> To do
Entries below include pictures. Output exactly the lines from the one with "Versace Kleio Black" down to the one with "Hand-crank flashlight 2 LED black", both ends included, and leave the pictures out.

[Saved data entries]
##########

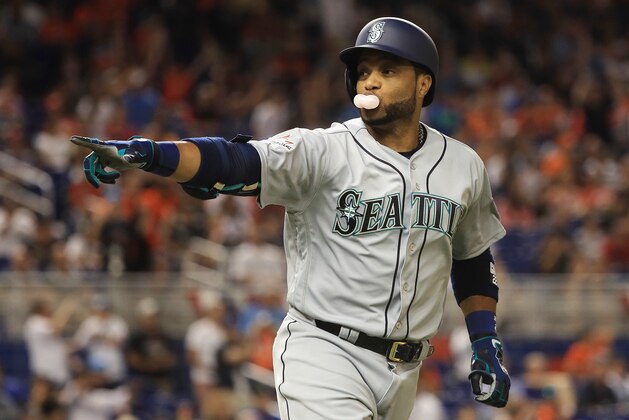 MIAMI, FL - JULY 11:  Robinson Cano #22 of the Seattle Mariners and the American League celebrates hitting a home run in the tenth inning against the National League during the 88th MLB All-Star Game at Marlins Park on July 11, 2017 in Miami, Florida.  (Photo by Mike Ehrmann/Getty Images)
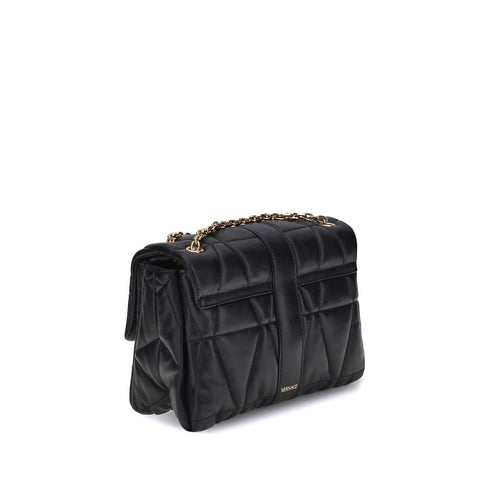 Versace Kleio Black Quilted Satin Shoulder Bag – Gold Medusa Detail for Women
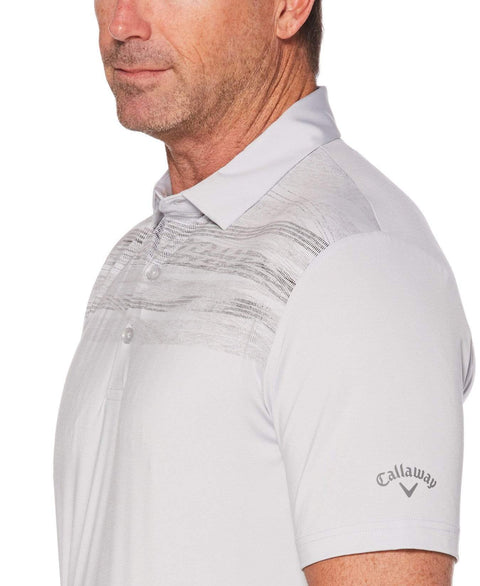 Mens Chest Print Polo Polos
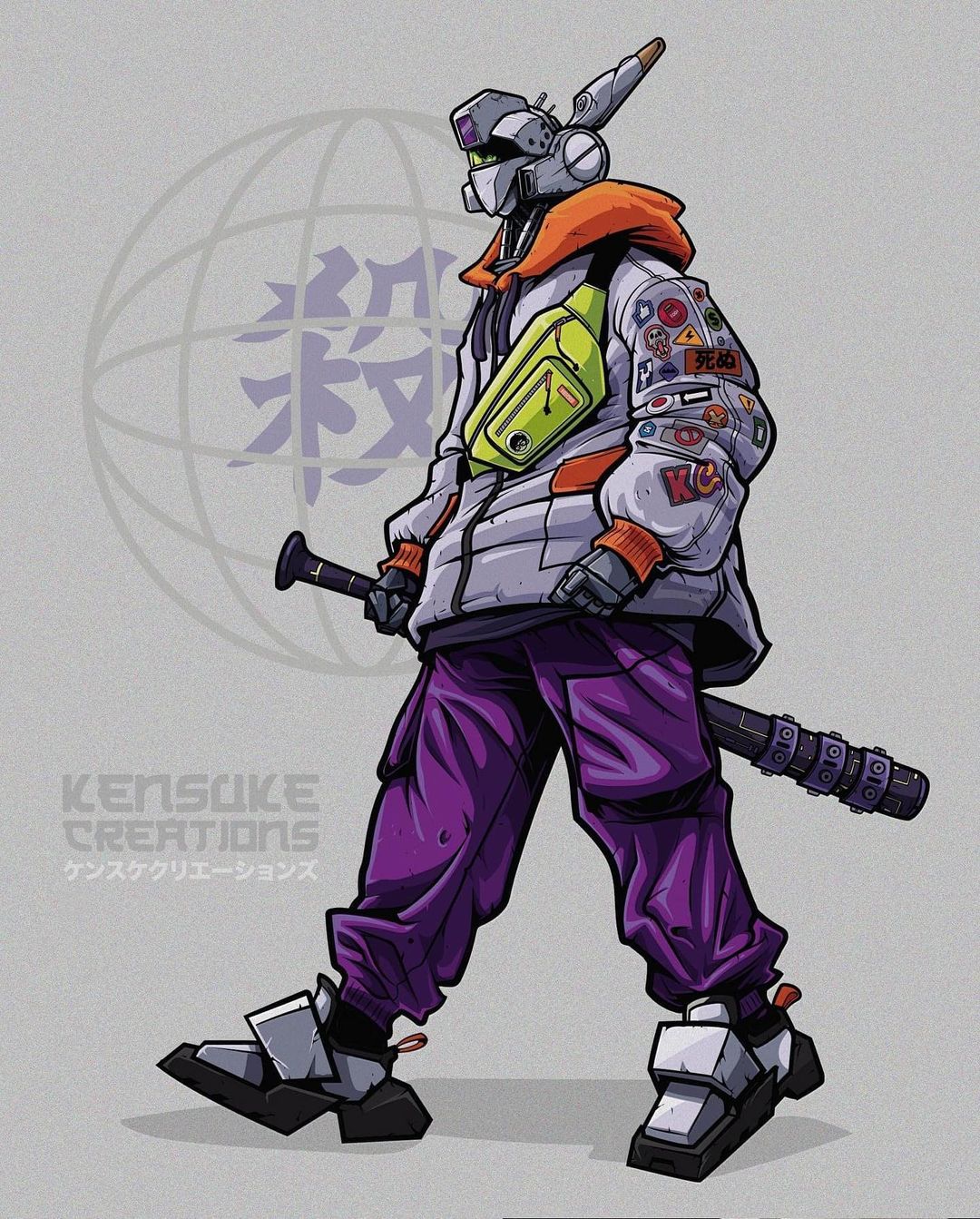 artist_name, assault_visor, av-98_ingram, baseball_bat, buchi_holes, clenched_hand, clothed_robot, english_commentary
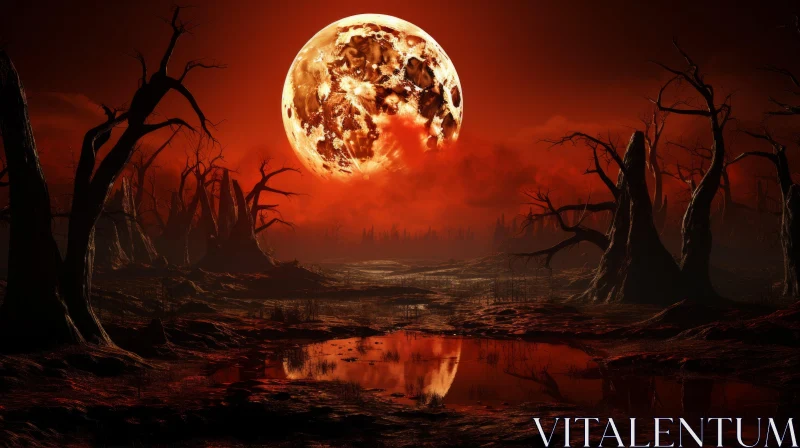 Apocalyptic Landscape with Red Moon and Tree Silhouette AI Image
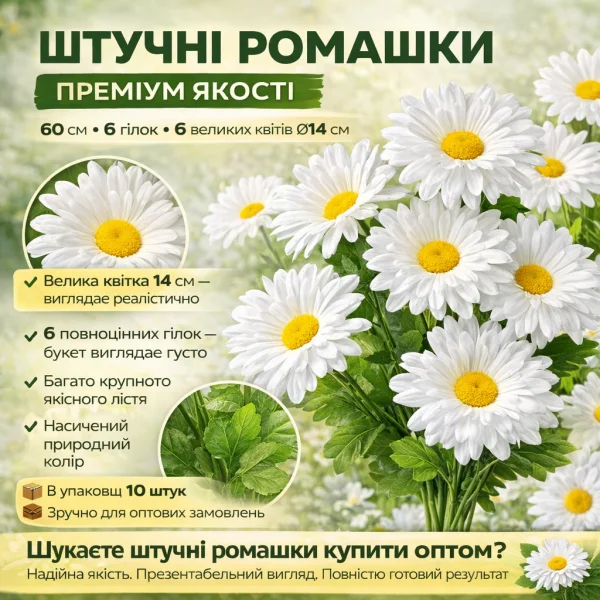 Искусственній букет ромашек т-6 текстильній, 6 голов (10 шт.)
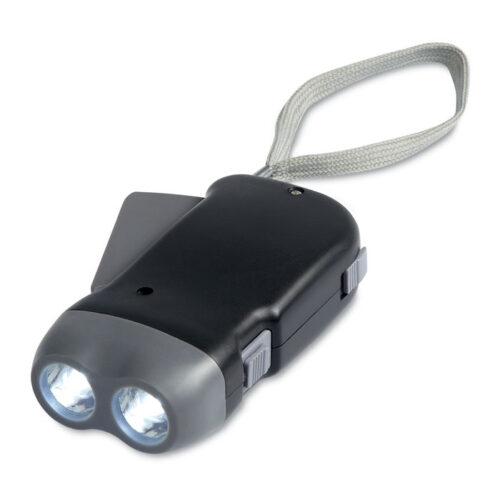 Hand-crank flashlight 2 LED black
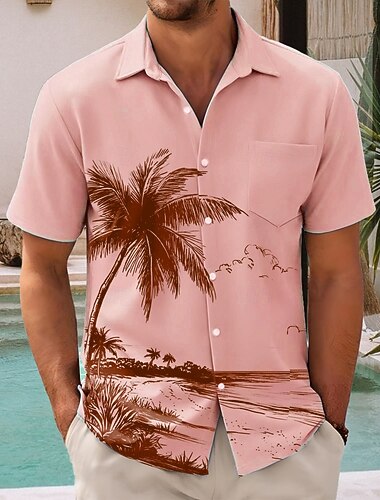  Herren Kokospalme Tropische Pflanzen Sommer Hawaiihemd Knopfhemd Alohahemd Kurzarm Hawaiianisch Urlaub Ferien Strandbekleidung Sommer Frühling Umlegekragen 3D-Druck Hemden mit Kragen Eine Tasche vorne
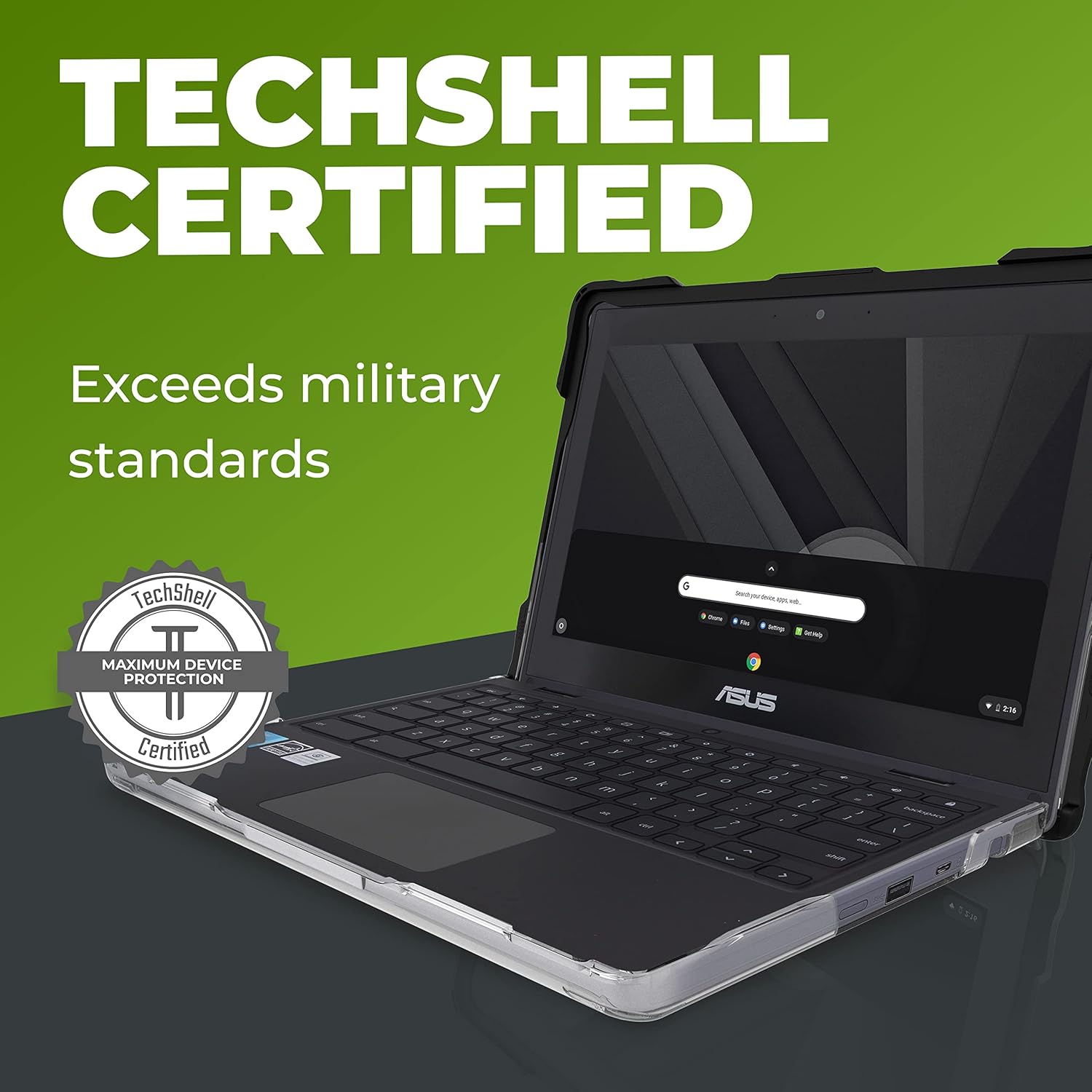 Gumdrop SlimTech Laptop Case Fits ASUS CR1100-11inch (2in1 and Clamshell) for K-12 Students, Teachers and Classrooms–Drop Tested, Rugged, Shockproof Bumpers for Reliable Device Protection–Black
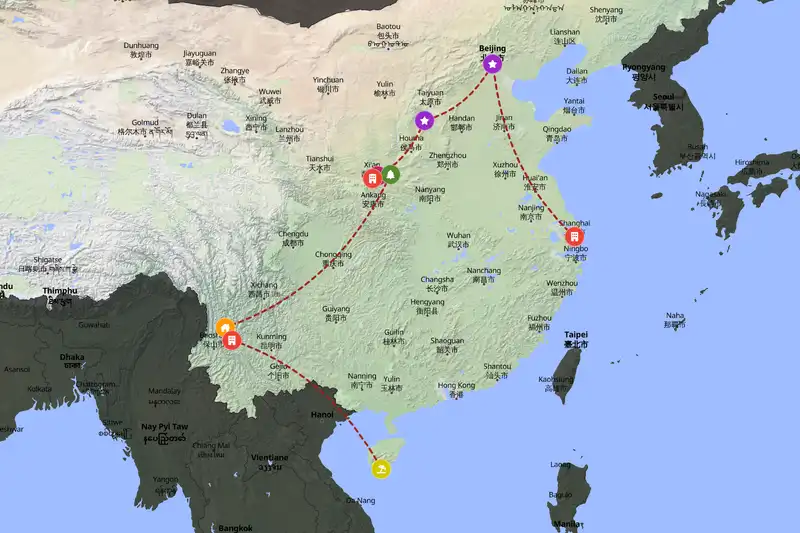 Example China itinerary planner route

##########

> Answer below
 Versace Kleio Black Quilted Satin Shoulder Bag – Gold Medusa Detail for Women
 Mens Chest Print Polo Polos
 artist_name, assault_visor, av-98_ingram, baseball_bat, buchi_holes, clenched_hand, clothed_robot, english_commentary
 Apocalyptic Landscape with Red Moon and Tree Silhouette AI Image
 Искусственній букет ромашек т-6 текстильній, 6 голов (10 шт.)
 Hand-crank flashlight 2 LED black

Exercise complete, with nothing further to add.